L’ancien président congolais Joseph Kabila, installé loin des feux de la rampe depuis sa défaite en 2018, a-t-il vraiment foulé le sol congolais ? Une rumeur persistante l’annonce à Goma, capitale de la province du Nord-Kivu, information confirmée par plusieurs sources locales par son entourage ce vendredi. D’autres sources, plus prudentes, évoquent sa présence à Kigali, alimentant les spéculations sur une éventuelle traversée de la frontière et un retour imminent sur la scène politique congolaise.
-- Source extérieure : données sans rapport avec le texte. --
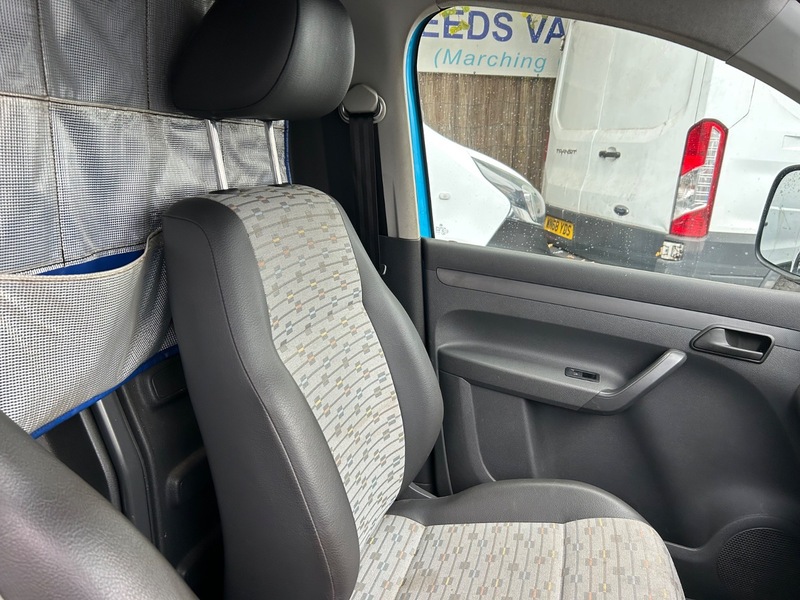 Used Volkswagen Caddy Maxi 2011 for sale - 76280563: Photo 16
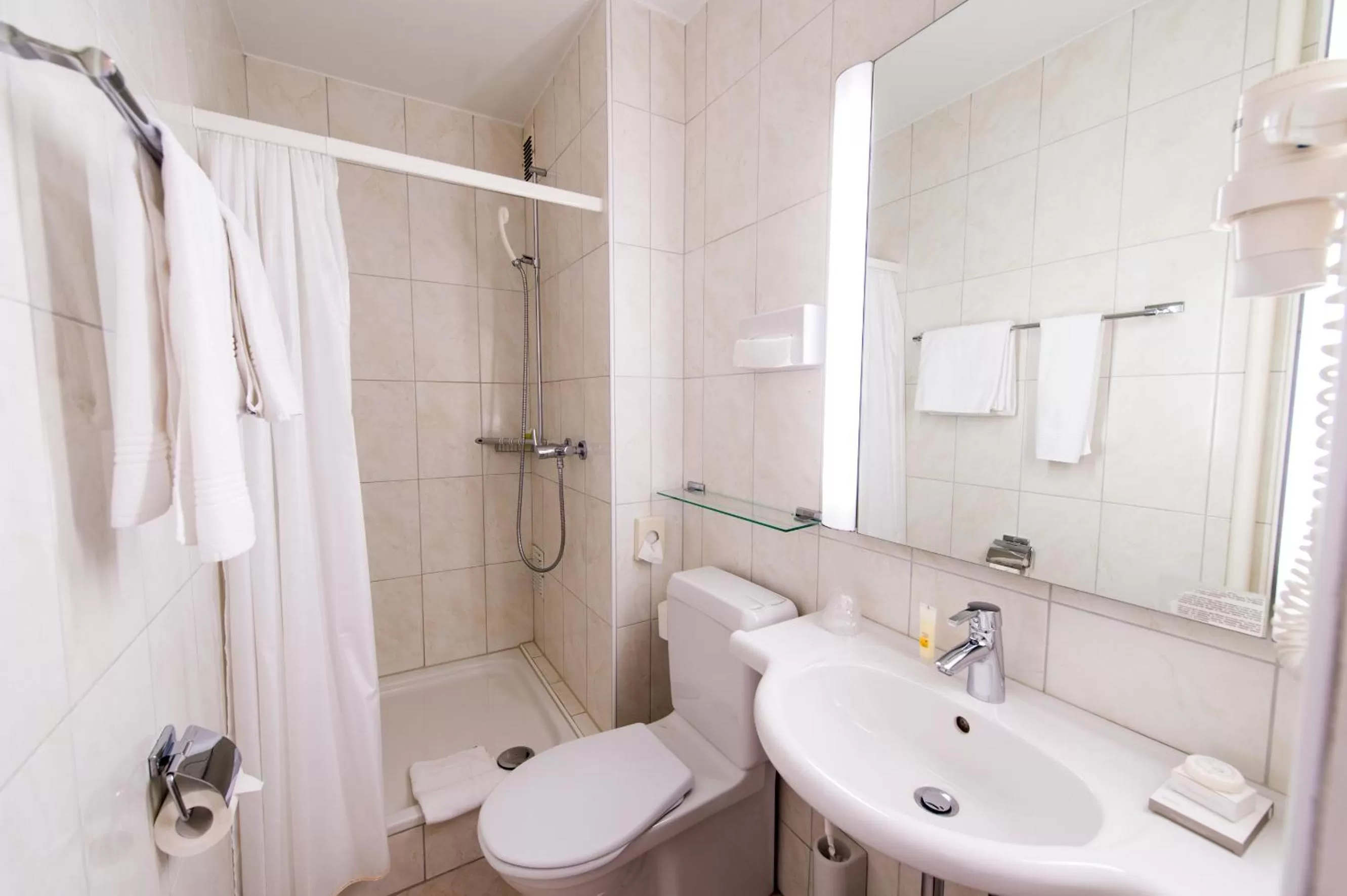 Shower in City Hotel Biel Bienne Free Parking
Après des mois d’exil en Afrique australe, Joseph Kabila avait officialisé son intention de rentrer au pays dans une déclaration datée du 8 avril. Un retour motivé, selon ses propres termes, par la « dégradation de la situation sécuritaire » et la « déliquescence » des institutions. « J’ai pris la résolution de rentrer, sans délai, au pays », écrivait-il, ajoutant vouloir entamer son retour par l’est du territoire, « parce qu’il y a péril en la demeure. »
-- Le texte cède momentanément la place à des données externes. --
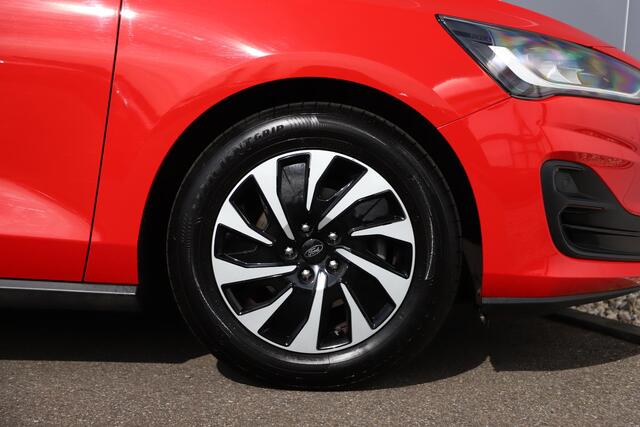 Ford FOCUS Wagon 1.0 EcoBoost Hybrid Titanium X Navigatie Achteruitrijcamera Winter Pakket Stuur & Stoelverwarming Carplay Android Cruise Control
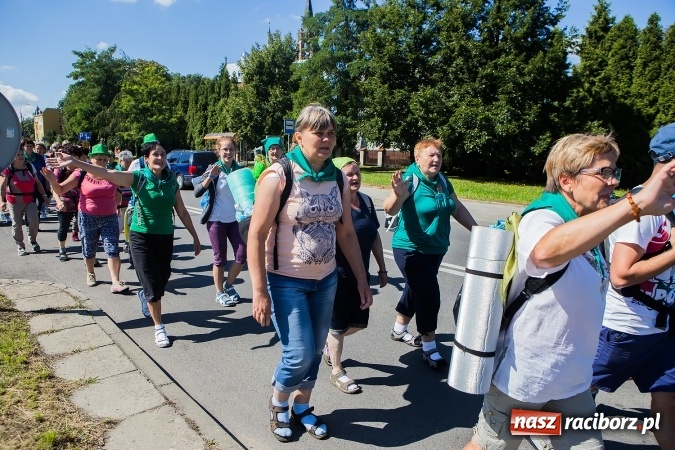 Zdjęcie w galerii na portalu naszraciborz.pl: Raciborska pielgrzymka na Jasną Górę. FOTOREPORTAŻ wiadomości z regionu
Un timing pour le moins sensible. Ce retour intervient alors que les Forces armées de la RDC (FARDC) sont engagées dans des combats acharnés contre l’Alliance Fleuve Congo (AFC/M23) dans la région de l’Est. Une région déjà fragilisée par des années de conflits et où la présence de l’ancien chef d’État pourrait être interprétée de différentes manières.
Soupçons et dénégations
Le spectre d’une implication de Joseph Kabila dans le conflit plane depuis des mois. En mars dernier, lors d’une rencontre à Johannesburg avec l’ancien président sud-africain Thabo Mbeki, Kabila avait catégoriquement rejeté les accusations le liant au M23, qualifiant ces soupçons d’ « infondés ». Il avait alors plaidé pour une « approche endogène » de la crise congolaise, sans pour autant dissiper les doutes.
Ces soupçons persistent, attisés par des voix influentes au sein de la classe politique congolaise. Jean-Pierre Bemba, actuel vice-Premier ministre et ministre de la Défense, a récemment affirmé depuis Kikwit détenir des « preuves » impliquant Joseph Kabila dans les violences armées, promettant de les révéler prochainement.
Au-delà des questions sécuritaires, le retour de Joseph Kabila intervient dans un contexte politique particulier. Son parti, le Parti du Peuple pour la Reconstruction et la Démocratie (PPRD), vient de célébrer son 23e anniversaire, affichant ouvertement son ambition de relancer ses activités, six ans après la défaite cuisante à la présidentielle de 2018. Le retour de son leader charismatique, bien que controversé, pourrait dynamiser les troupes et redonner un souffle nouveau aux ambitions du parti.
La question cruciale reste de savoir quelles sont les intentions réelles de Joseph Kabila. Simple observateur désireux de contribuer à la résolution de la crise, ou acteur politique déterminé à reprendre sa place sur l’échiquier congolais ? Son retour, quoi qu’il en soit, suscite déjà de vives réactions et pourrait bien bouleverser le fragile équilibre politique de la RDC. La situation est à suivre de près.